Note: Both crop insurance and disaster payments must be treated the same way if received in the same taxable year. Neither need be deferred, even though the taxpayer is eligible, and both can be deferred if the taxpayer elects. But it is not possible to defer one and not the other if received in the same taxable year. Of course, if received in different taxable years, the payments can be treated differently.
In this case, two related family farming partnerships and their partners were not allowed to defer reporting federal crop insurance proceeds associated with the loss of a sugar beet crop until the year following receipt. The partnerships had a history of reporting the income from the crops not on the basis of when the partnerships sold the crops, receive the proceeds, or realize the income from the crops, but rather on the basis of a formula that resulted in 65 percent of the income realized from the sale of the crops in the year of harvest and 35 percent in the year after harvest. The 2001 sugar beet crops were destroyed and the partnerships reported the full amount of crop insurance proceeds received in 2001 on their 2002 returns along with elections made under I.R.C. §451(d) to defer the crop insurance proceeds. IRS disallowed the deferral on the basis that the partnerships did not have a history of deferring a substantial portion of the crop income, and assessed penalties.

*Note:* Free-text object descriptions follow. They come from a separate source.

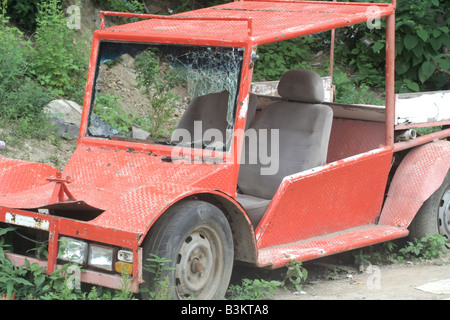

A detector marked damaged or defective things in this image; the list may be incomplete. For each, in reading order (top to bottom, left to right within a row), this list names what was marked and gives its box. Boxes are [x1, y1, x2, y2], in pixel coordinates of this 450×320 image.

cracked windshield [87, 42, 243, 152]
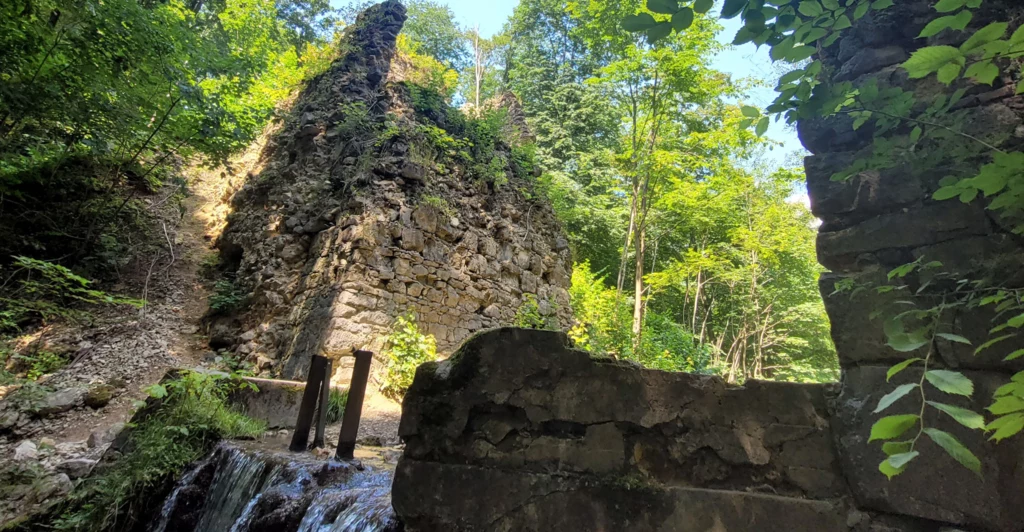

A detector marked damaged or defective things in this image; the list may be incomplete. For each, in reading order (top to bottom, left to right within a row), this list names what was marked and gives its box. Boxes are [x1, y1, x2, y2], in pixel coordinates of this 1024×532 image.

rusty metal post [288, 356, 327, 450]
rusty metal post [309, 358, 333, 448]
rusty metal post [333, 351, 374, 458]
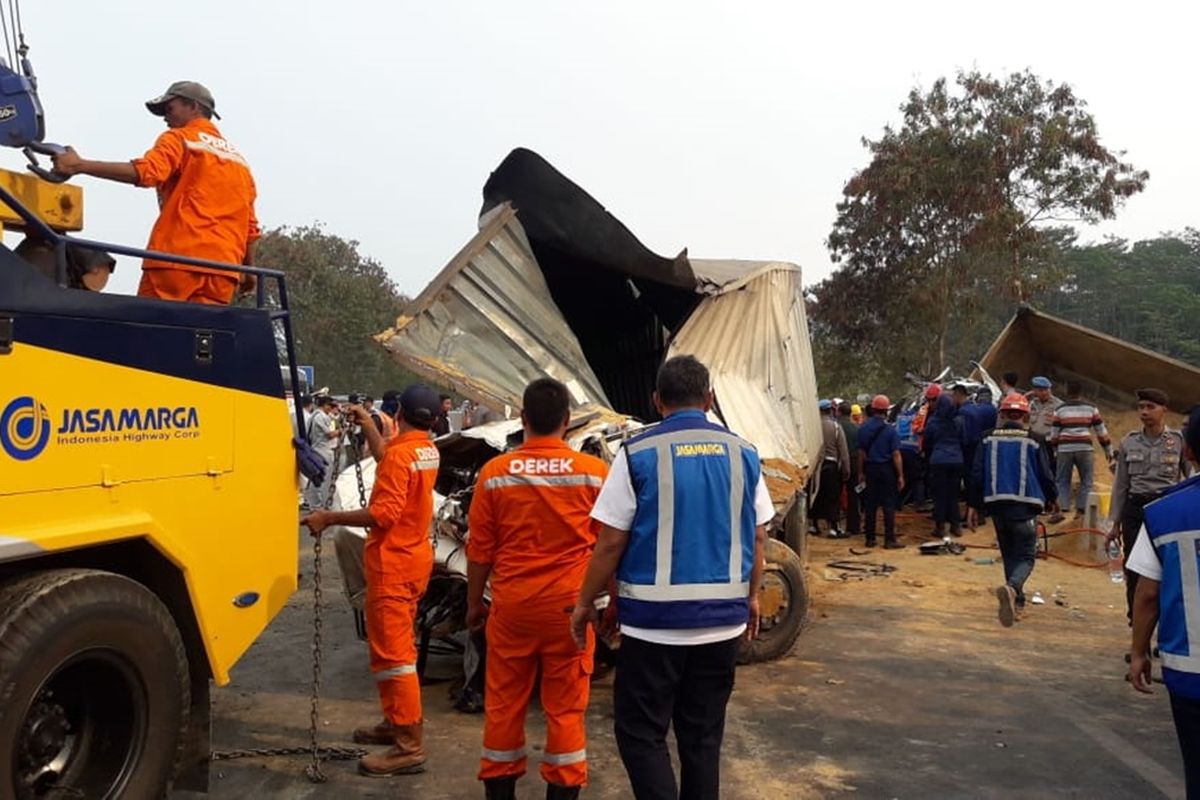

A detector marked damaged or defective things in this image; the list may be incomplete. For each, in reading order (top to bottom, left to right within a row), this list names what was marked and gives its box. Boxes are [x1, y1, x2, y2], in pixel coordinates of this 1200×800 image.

The court noted that the stated legislative purpose for the deferral set forth in the statute was to avoid the hardship of farmers' having to pay income tax on two years' worth of income relating to their crops. This distortion occurs, for example, when cash method farmers who normally report income from the sale of their crops in the year following crop production, also receive crop insurance proceeds in that same year. Thus, the farmer would normally have included the proceeds from the sale of the prior year's crop in income, and without the deferral, the farmer would also have to include the insurance proceeds covering the current year's destroyed crop.
As indicated above, limited guidance on this treatment is contained in Treas. Reg. §1.451-6 and Rev. Rul. 74-145, 1974-1 C.B. 113. Rev. Rul. 74-145 involved a situation where the taxpayer had a history of deferring more than 50 percent of crop income to the following year. IRS ruled that constituted a “substantial portion” of the taxpayer’s crop income, and allowed deferral of all of the crop insurance proceeds for the destroyed crop. The court noted that the legislative history behind the statute illustrated the Congressional intent that the statute apply only in those situations where farmers do not receive anyincome from current year crops until sale in the following year. But, the court noted that IRS had interpreted the statute more liberally to allow deferral in those situations where the taxpayer had a history of deferring a substantial portion of the crop. Here, the court reasoned that taxpayers’ history of deferring only 35 percent of the crop income was not substantial enough to support the deferral of all the crop insurance proceeds received. To have held otherwise, the court reasoned would have further distorted the income reported for the two years at issue.
But, in light of the ambiguity of the statute and the prior IRS interpretation of the statute, the court held that the taxpayers acted with reasonable cause and in good faith in deferring all of the crop insurance proceeds to 2002. As such, the taxpayers were not liable for the accuracy-related penalty under I.R.C. §6664(c)(1). Nelson, et al. v. Com’r., 130 T.C. No. 5 (2008).